Raymond Boudon (Parigi, 27 gennaio 1934 – Parigi, 10 aprile 2013), si legge su Wikipedia, è stato un sociologo liberale francese. Asciutta ed essenziale, questa definizione contiene le radici del suo pensiero. Il profilo intellettuale di Boudon è infatti profondamente debitore tanto del termine “liberale”, quanto – anche se per ragioni diverse, se non opposte – di quello “francese”.

Come ricorda efficacemente Salvatore Abbruzzese: “All’idea di un soggetto prigioniero delle culture, delle norme e delle convenzioni, Raymond Boudon ha sempre contrapposto un soggetto consapevole, che in ogni occasione cerca di scegliere, pur tra mille errori e non poche disinformazioni, quella che gli appare come la scelta migliore”.

Per Boudon questa non era solo un’opzione analitica – spiegare i fenomeni sociali partendo dalle ragioni e dalle azioni degli individui – ma anche una preferenza politica e morale, radicata appunto nella tradizione liberale.
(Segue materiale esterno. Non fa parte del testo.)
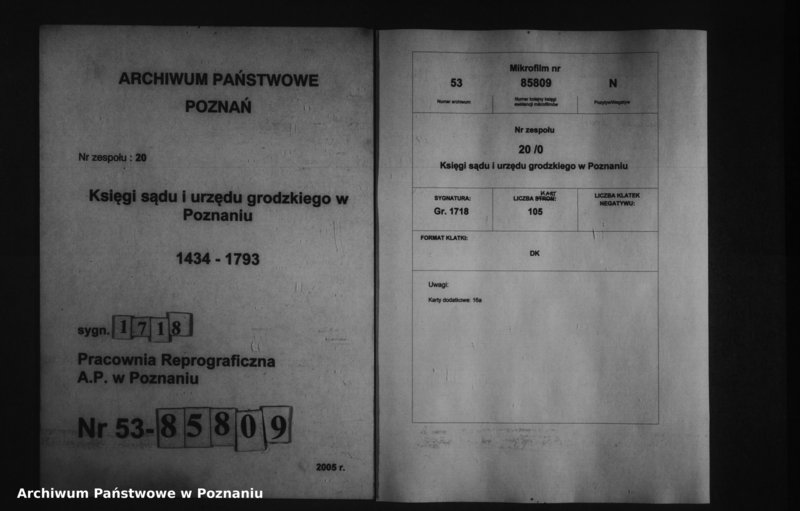 Obraz 1 z jednostki "Decreta officii [protocollon]"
Egli riteneva infatti che le ragioni di chi agisce devono, come prima opzione, essere assunte per “buone”, cioè forti e fondate.

Questo permette di dare conto dei molti fenomeni enigmatici che ci circondano, veri e propri “puzzle” che interrogano sia la teoria che il senso comune, troppo spesso ricondotti a “forze” che spingono i soggetti agenti in specifiche direzioni contro la loro volontà, intenzionalità e capacità logica. Così, ad esempio, il lavoratore può essere convinto che l’introduzione di nuove macchine diminuisca la necessità del lavoro umano e, di conseguenza, si opporrà all’innovazione tecnologica. Questa credenza tratta dall’esperienza locale è basata su ragioni solide ma, contemporaneamente, è oggettivamente falsa a livello globale, in quanto l’introduzione di nuove macchine richiede nuovo lavoro umano legato alla progettazione, realizzazione e funzionamento delle tecnologie innovative.

Boudon affronta questi temi in quasi tutti i suoi testi ma, in particolare, qui si vogliono ricordare questi, pubblicati da il Mulino:, Il vero e il giusto (1997), Il senso dei valori (2000), A lezione dai classici (2002), Sentimenti di giustizia (2002), Declino della morale? Declino dei valori? (2003), Il posto del disordine (2009).

Il secondo termine, oltre a “liberale”, utile per tracciare un breve profilo di Boudon è appunto “francese”. Boudon è stato il meno francese tra i grandi sociologi d’oltralpe: affascinato dalla lettura di un libro del metodologo Paul Lazarsfeld The language of social research, capitatogli per caso tra le mani nella biblioteca di Rue de l’Ulm a Parigi, decide di fare uno stage presso l’Università della Columbia («Revue européenne des sciences sociales», Tome XXXIX, 120, 2001, pp. 5-30). In quel luogo Lazarsfeld e Merton dirigevano il Bureau of Applied Research, fucina di studiosi come Seymour M. Lipset (sociologia politica), Philip Selznick e Alvin Gouldner (sociologia dell’organizzazione e della burocrazia), Lewis Coser (storia del pensiero sociologico), Peter Blau (mobilità e stratificazione sociale), Amitai Etzioni (sociologia dell’organizzazione e socio–economia). In tale contesto Boudon apprende un ethos scientifico e uno stile di ricerca che non lo abbandonerà mai nel corso della sua carriera intellettuale: teoria e ricerca devono crescere insieme e compito del sociologo è innanzitutto fornire buone spiegazioni e descrizioni dei fenomeni sociali.

Avversario giurato di ogni sociologismo che annulla il ruolo proattivo del soggetto agente, nemico acerrimo del linguaggio oscuro dei maître à penser, instancabile critico della narrazione seduttiva ma priva di rigore analitico, Boudon è perfettamente ricordato dalle sue stesse parole: “C’est pourquoi sans doute, une fois devenu sociologue, je me suis arrimé au principe que la sociologie n’est faite ni pour séduire ni pour influencer, mais pour Éclairer” (ivi, 28).